Pub Date: Sept. 1st, 2002
ISBN: 0-7278-5829-7
Publisher: Severn House

Move over, 007. Veteran thrillermeister Gardner (Day of Absolution, 2000, etc.) launches his new series with an entertaining retro-ride to London during the Blitz. It’s the first of six to feature charmingly cheeky Detective Sergeant Suzie Mountford and her struggle for legitimacy in a world defined by unabashed male chauvinism. DCI Harvey, for instance, wants Suzie to make the tea, do the typing, and leave the actual sleuthing to them as was born to it.
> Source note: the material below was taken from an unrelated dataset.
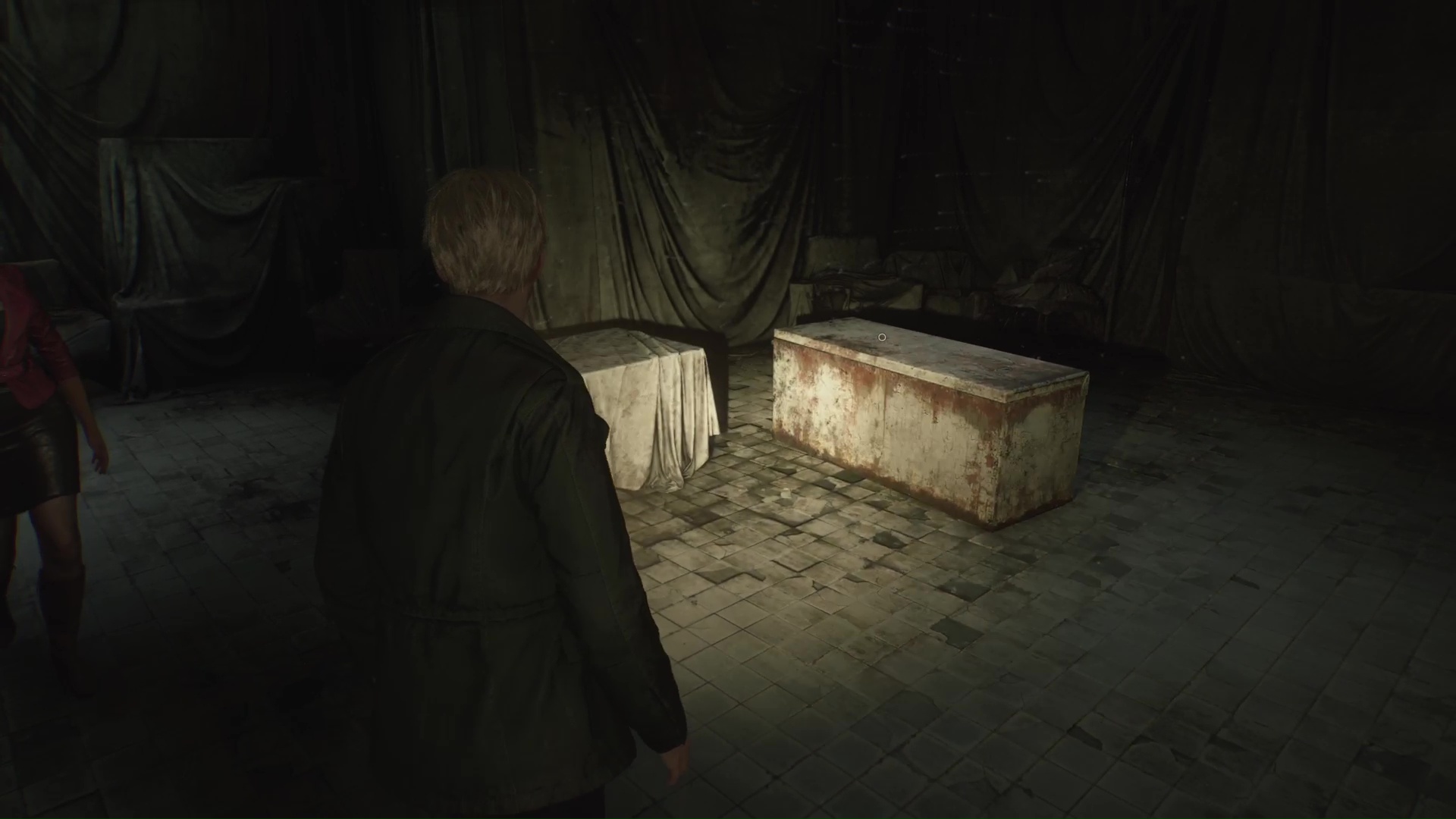 ¿Qué hacer con los anillos de cobre y plomo de Silent Hill 2 Remake?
It’s what she’s used to, and she’s prepared to grin and bear it since, for reasons not entirely clear even to herself, a copper’s life is what she’s set on. With the arrival of elegant, enlightened Detective Chief Superintendent Tommy Livermore, however, Suzie suddenly finds herself actively involved in a major homicide investigation: the brutal murder of a well-known BBC personality. At first, she attributes the new assignment to the manpower shortage. But there’s more to it than that. DCS Livermore, an authentic visionary, sees a department in which women work with men as colleagues rather than on sufferance and has hand-picked Suzie for service in his gender-bending vanguard. He just plain likes Suzie—likes her a lot, though probably not as much as she likes “Dandy Tom, the lovely Detective Chief Superintendent” with whom she acknowledges herself “besotted.” Romance established, then duly sublimated, the two buckle down efficiently to catch a crafty, elusive serial killer.

The overlong saga inevitably sags here and there, but Suzie’s all-out pursuit of a sociopathic villain, a meaningful career, and someone to take her virginity is a delight.